→ **Data provided**
══════════════════════════════
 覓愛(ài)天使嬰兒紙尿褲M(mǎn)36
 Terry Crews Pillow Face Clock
══════════════════════════════
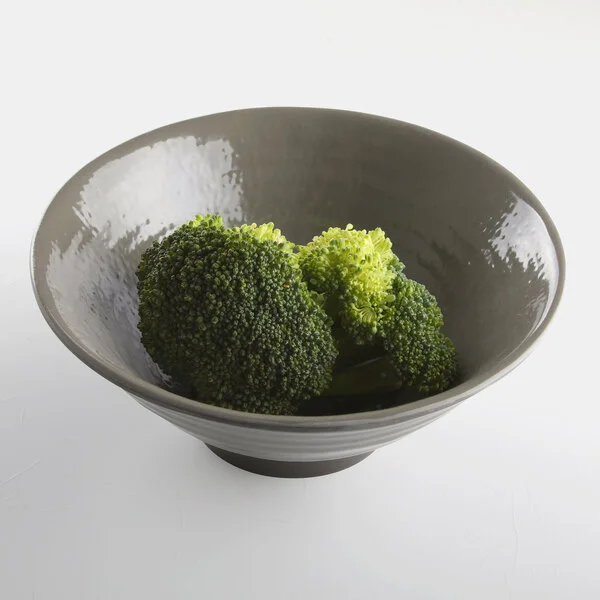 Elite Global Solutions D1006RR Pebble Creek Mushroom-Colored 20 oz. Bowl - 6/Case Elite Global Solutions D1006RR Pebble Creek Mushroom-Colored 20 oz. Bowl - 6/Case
══════════════════════════════
→ **What the task asks**
The output should be exactly the lines above from the line containing "覓愛(ài)天使嬰兒紙尿褲M(mǎn)36" to the line containing "Terry Crews Pillow Face Clock", inclusive, with no other lines.

→ **Final answer**
 覓愛(ài)天使嬰兒紙尿褲M(mǎn)36
 Terry Crews Pillow Face Clock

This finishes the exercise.